§ Exercise goal
Would you restate the entries below word for word, starting at the first line and ending with the one that has "Michael Kors around plaque gold"?
**** Data records
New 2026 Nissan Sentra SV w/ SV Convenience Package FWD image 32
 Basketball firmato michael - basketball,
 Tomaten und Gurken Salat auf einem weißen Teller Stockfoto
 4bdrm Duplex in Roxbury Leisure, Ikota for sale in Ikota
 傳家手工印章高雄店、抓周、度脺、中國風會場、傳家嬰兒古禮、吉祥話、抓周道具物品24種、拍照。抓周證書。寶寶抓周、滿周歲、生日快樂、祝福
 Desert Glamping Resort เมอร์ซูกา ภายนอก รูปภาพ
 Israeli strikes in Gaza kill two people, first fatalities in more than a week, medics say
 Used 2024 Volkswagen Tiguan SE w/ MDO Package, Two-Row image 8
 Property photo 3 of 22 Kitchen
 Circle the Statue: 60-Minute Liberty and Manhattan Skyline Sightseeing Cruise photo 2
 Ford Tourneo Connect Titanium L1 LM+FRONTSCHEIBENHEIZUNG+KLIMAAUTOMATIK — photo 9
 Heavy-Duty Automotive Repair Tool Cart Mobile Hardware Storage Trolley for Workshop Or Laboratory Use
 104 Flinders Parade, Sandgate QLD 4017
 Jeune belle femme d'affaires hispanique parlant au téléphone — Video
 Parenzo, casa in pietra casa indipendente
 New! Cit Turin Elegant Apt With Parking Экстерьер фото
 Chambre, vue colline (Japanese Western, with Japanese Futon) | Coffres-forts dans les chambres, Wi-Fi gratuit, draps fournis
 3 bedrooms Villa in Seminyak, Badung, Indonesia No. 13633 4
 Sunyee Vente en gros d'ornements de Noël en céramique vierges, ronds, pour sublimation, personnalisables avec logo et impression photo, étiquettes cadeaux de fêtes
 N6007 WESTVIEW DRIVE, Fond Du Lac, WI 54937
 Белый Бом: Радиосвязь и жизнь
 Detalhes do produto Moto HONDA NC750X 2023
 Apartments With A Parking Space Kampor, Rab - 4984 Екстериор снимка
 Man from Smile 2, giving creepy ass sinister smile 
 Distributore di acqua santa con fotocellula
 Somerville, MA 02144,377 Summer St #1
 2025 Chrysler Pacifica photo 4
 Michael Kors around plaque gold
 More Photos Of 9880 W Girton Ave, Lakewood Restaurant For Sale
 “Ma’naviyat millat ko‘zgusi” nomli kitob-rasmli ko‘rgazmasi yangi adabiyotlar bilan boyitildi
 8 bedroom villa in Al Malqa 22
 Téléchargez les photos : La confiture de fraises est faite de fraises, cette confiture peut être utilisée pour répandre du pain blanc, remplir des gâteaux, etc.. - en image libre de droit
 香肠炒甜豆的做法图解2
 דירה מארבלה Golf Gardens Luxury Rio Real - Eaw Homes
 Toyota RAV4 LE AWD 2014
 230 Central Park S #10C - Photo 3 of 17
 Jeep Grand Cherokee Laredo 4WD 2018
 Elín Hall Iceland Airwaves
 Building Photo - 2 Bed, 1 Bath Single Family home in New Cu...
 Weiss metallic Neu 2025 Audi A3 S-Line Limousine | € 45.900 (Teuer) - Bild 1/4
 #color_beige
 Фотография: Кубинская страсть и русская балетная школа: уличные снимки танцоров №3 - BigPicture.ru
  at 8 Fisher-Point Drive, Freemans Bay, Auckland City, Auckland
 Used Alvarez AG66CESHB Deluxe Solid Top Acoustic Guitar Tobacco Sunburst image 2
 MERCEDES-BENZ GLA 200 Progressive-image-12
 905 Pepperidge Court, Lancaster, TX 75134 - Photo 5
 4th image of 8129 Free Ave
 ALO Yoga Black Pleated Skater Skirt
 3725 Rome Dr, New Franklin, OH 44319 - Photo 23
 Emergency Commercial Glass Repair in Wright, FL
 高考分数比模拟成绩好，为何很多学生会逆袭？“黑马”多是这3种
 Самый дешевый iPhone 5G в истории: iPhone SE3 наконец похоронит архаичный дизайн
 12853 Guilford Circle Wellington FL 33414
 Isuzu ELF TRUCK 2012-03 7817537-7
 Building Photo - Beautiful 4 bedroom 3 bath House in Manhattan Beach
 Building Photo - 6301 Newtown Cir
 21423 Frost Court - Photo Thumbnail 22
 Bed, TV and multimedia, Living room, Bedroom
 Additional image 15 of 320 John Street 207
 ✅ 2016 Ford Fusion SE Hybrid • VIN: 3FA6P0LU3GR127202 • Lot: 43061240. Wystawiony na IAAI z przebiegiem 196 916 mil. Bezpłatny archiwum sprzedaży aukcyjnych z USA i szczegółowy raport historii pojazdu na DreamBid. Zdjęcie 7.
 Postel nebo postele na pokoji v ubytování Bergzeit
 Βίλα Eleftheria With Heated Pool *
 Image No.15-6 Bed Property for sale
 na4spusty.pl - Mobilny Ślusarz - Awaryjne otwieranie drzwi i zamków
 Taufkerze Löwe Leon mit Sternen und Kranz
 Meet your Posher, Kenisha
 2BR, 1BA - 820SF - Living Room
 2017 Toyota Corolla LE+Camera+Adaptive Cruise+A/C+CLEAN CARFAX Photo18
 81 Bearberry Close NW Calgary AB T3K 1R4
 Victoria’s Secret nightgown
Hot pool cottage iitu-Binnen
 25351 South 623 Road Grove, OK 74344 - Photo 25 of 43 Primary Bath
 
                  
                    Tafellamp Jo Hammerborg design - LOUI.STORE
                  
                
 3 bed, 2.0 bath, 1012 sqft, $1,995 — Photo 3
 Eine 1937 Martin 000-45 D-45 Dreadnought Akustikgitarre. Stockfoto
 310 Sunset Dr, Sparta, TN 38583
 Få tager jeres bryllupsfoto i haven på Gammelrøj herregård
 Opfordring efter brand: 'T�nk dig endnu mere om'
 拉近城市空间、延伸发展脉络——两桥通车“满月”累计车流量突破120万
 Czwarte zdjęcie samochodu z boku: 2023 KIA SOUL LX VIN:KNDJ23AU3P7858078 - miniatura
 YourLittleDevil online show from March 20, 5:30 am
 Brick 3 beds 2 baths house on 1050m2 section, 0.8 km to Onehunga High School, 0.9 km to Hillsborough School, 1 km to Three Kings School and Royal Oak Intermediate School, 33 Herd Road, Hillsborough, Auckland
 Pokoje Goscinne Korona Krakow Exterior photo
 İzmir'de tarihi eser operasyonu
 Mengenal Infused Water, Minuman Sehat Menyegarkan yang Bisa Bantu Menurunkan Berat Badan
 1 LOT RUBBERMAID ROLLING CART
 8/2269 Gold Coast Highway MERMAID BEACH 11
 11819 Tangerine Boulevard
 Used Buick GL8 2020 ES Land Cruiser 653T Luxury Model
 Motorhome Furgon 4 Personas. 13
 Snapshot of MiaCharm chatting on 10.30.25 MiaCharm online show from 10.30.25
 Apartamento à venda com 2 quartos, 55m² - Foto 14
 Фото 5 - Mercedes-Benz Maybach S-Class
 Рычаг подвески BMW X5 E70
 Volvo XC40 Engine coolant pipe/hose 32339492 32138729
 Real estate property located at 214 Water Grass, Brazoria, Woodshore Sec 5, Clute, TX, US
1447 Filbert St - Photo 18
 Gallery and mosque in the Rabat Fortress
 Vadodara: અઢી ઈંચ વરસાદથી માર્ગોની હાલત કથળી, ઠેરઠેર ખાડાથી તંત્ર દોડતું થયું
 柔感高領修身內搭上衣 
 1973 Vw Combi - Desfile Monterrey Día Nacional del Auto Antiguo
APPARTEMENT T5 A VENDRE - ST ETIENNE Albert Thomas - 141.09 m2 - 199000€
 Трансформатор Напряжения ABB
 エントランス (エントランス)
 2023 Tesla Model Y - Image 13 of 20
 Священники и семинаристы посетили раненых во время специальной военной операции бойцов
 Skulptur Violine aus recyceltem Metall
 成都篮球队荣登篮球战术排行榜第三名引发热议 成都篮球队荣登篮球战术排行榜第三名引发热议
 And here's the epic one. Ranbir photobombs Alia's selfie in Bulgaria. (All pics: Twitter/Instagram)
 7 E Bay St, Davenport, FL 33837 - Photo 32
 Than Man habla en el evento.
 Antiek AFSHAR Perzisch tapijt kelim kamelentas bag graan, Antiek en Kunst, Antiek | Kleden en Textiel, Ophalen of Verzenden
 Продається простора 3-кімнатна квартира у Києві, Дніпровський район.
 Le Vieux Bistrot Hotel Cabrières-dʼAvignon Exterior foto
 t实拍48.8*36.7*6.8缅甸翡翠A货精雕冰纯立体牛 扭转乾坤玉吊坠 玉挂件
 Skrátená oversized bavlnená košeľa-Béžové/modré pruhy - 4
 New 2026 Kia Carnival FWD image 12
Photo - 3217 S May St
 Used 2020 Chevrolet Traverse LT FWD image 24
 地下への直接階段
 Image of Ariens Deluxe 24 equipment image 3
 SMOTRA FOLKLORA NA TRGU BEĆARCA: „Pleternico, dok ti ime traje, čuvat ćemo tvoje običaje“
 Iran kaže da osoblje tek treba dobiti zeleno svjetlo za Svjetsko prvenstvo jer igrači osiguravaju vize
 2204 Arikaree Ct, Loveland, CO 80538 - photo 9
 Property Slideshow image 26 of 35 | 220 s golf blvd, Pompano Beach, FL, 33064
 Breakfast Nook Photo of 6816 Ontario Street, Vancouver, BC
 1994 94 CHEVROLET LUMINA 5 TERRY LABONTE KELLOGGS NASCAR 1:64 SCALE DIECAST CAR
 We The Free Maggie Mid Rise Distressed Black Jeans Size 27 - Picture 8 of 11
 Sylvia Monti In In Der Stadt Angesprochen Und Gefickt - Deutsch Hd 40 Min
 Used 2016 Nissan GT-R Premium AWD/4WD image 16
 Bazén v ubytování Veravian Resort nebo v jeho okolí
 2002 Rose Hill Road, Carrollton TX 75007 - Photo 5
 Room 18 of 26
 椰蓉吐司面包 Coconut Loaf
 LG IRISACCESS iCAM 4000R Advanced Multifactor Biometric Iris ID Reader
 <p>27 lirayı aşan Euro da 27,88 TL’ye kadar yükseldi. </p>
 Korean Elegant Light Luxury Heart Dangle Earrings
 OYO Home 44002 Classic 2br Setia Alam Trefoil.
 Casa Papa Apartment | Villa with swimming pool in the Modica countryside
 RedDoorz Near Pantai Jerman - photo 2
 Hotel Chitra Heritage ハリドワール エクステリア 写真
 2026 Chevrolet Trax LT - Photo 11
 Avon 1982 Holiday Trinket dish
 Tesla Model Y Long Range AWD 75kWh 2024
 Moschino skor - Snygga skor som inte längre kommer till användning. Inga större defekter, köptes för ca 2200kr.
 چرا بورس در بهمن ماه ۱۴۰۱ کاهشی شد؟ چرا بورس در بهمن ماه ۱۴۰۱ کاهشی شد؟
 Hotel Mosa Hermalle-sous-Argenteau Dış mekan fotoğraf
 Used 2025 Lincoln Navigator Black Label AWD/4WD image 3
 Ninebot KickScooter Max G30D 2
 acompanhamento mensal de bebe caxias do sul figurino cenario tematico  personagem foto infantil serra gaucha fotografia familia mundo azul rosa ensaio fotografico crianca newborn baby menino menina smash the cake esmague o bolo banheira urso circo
********
§ Result of this task
New 2026 Nissan Sentra SV w/ SV Convenience Package FWD image 32
 Basketball firmato michael - basketball,
 Tomaten und Gurken Salat auf einem weißen Teller Stockfoto
 4bdrm Duplex in Roxbury Leisure, Ikota for sale in Ikota
 傳家手工印章高雄店、抓周、度脺、中國風會場、傳家嬰兒古禮、吉祥話、抓周道具物品24種、拍照。抓周證書。寶寶抓周、滿周歲、生日快樂、祝福
 Desert Glamping Resort เมอร์ซูกา ภายนอก รูปภาพ
 Israeli strikes in Gaza kill two people, first fatalities in more than a week, medics say
 Used 2024 Volkswagen Tiguan SE w/ MDO Package, Two-Row image 8
 Property photo 3 of 22 Kitchen
 Circle the Statue: 60-Minute Liberty and Manhattan Skyline Sightseeing Cruise photo 2
 Ford Tourneo Connect Titanium L1 LM+FRONTSCHEIBENHEIZUNG+KLIMAAUTOMATIK — photo 9
 Heavy-Duty Automotive Repair Tool Cart Mobile Hardware Storage Trolley for Workshop Or Laboratory Use
 104 Flinders Parade, Sandgate QLD 4017
 Jeune belle femme d'affaires hispanique parlant au téléphone — Video
 Parenzo, casa in pietra casa indipendente
 New! Cit Turin Elegant Apt With Parking Экстерьер фото
 Chambre, vue colline (Japanese Western, with Japanese Futon) | Coffres-forts dans les chambres, Wi-Fi gratuit, draps fournis
 3 bedrooms Villa in Seminyak, Badung, Indonesia No. 13633 4
 Sunyee Vente en gros d'ornements de Noël en céramique vierges, ronds, pour sublimation, personnalisables avec logo et impression photo, étiquettes cadeaux de fêtes
 N6007 WESTVIEW DRIVE, Fond Du Lac, WI 54937
 Белый Бом: Радиосвязь и жизнь
 Detalhes do produto Moto HONDA NC750X 2023
 Apartments With A Parking Space Kampor, Rab - 4984 Екстериор снимка
 Man from Smile 2, giving creepy ass sinister smile 
 Distributore di acqua santa con fotocellula
 Somerville, MA 02144,377 Summer St #1
 2025 Chrysler Pacifica photo 4
 Michael Kors around plaque gold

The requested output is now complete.